An average gain of $65 is clearly better than the $50 average gain Sklansky shows from declining the first bet and taking only the second one with the bigger edge. And it’s way better than the average net gain of only $35 that Sklansky shows for taking both bets of the two-bet series. The mistake Sklansky made in coming up with this diminished $35 gain is his assumption that even on those occasions when the player wins his first bet and profits $120, he will still bet only $100 of his $220 bankroll when the second, more advantageous bet comes along.

Sklansky’s analysis would only have validity if we assumed that all bets were limited to $100, and that there would be no blind/ante costs eating away at the $100 while waiting for the second bet opportunity. His analysis also assumes that the blinds, and the cost of playing, were not rising from day one to day two.

But this is rarely the case in a no-limit tournament, and since the cost of playing keeps going up, and the blinds keep rising, the player who declines that 10% shot to increase his chips from $100 to $220, will probably not even be around when that 50% betting opportunity appears tomorrow. In fact, in a tournament, how much of that $100 would still be left to bet with when that more advantageous bet comes along?

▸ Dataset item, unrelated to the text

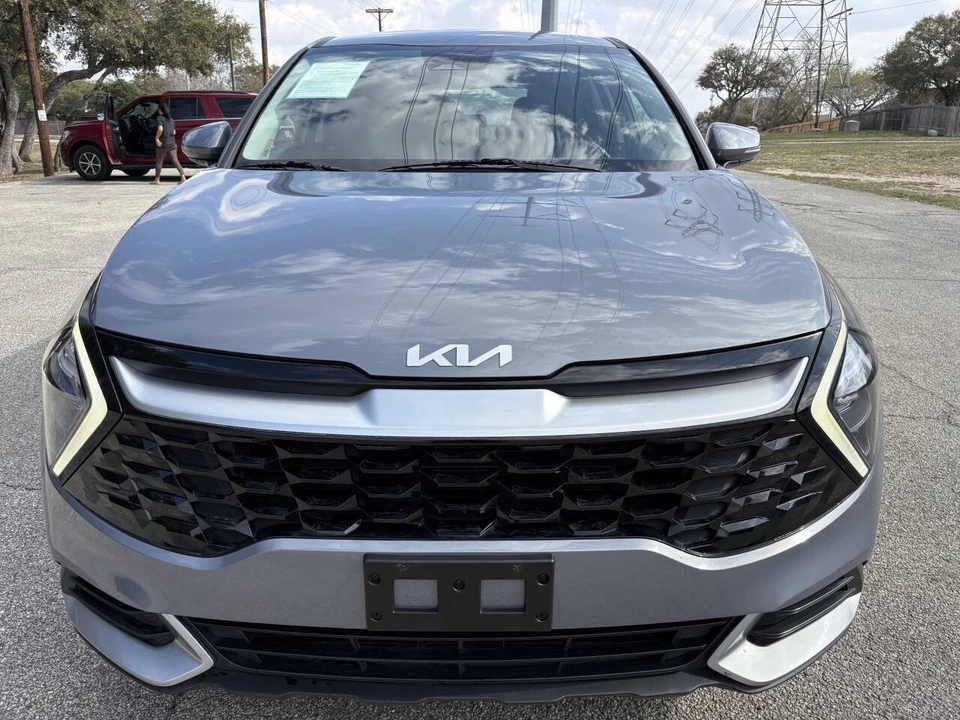 2023 Kia Sportage - Image 2 of 21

Sklansky’s assumption that you “know” that a bet with five times the advantage will appear later may be true in many tournaments that last a very long time, but it makes a big difference in a tournament how much later it appears. And it is incorrect for Sklansky to assume that by the time of the later-appearing bet—when the blinds will have gone up, and the field will have been diminished, giving all remaining players bigger chip stacks—that the player who won the first bet would not go all-in on the second bet, but limit his bet to $100.

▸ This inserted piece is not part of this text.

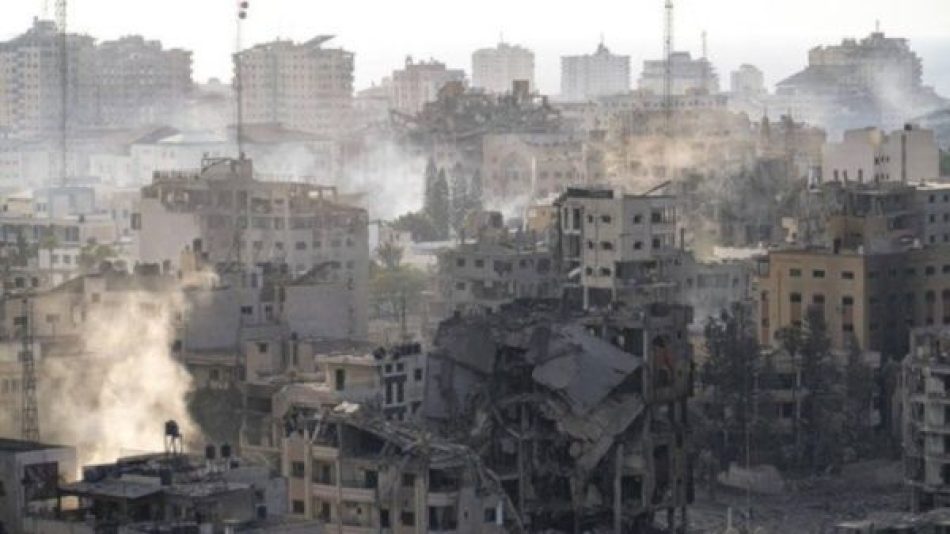 Israel bombardea hospital que albergaba personal de la OMS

Sklansky’s example is irrelevant for developing a tournament strategy because it fails to account for tournament structure—a critical factor he often ignores in his mathematical analyses of tournaments. He believes that his example demonstrates that there is a dollar cost to early risks with small advantages, when, in fact, he is demonstrating that this cost really exists only for players who fail to use the chips they earn.

If, when you earn chips, you “protect” them by playing more conservatively, you will not gain the advantage available from having those chips, and the risks you took to earn them will not be worth it. If, on the other hand, you intend to use the chips you earn to make even more chips, then early risks will pay dividends.

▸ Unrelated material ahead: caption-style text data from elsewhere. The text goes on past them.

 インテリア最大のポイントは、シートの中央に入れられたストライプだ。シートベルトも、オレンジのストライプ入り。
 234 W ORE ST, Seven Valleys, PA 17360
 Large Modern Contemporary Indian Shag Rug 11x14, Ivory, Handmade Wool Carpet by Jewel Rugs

And, as I will show directly below in the section titled “More Good Math, More Bad Logic”, Sklansky’s stipulation that his advice to pass up the first bet with the smaller advantage is only meant if you are “one of the best players” is actually terrible advice to give a highly-skilled player. It is precisely the most skilled player who will be able to use those extra chips to earn even more chips.

In “The Implied Discount,” I wrote:

The only time chips do not have more value in a bigger stack is when the bigger stack is in the hands of a player who does not know how to use them. For example, any player who plays according to Harrington’s M strategy will not gain the full available advantage from having a bigger stack of chips.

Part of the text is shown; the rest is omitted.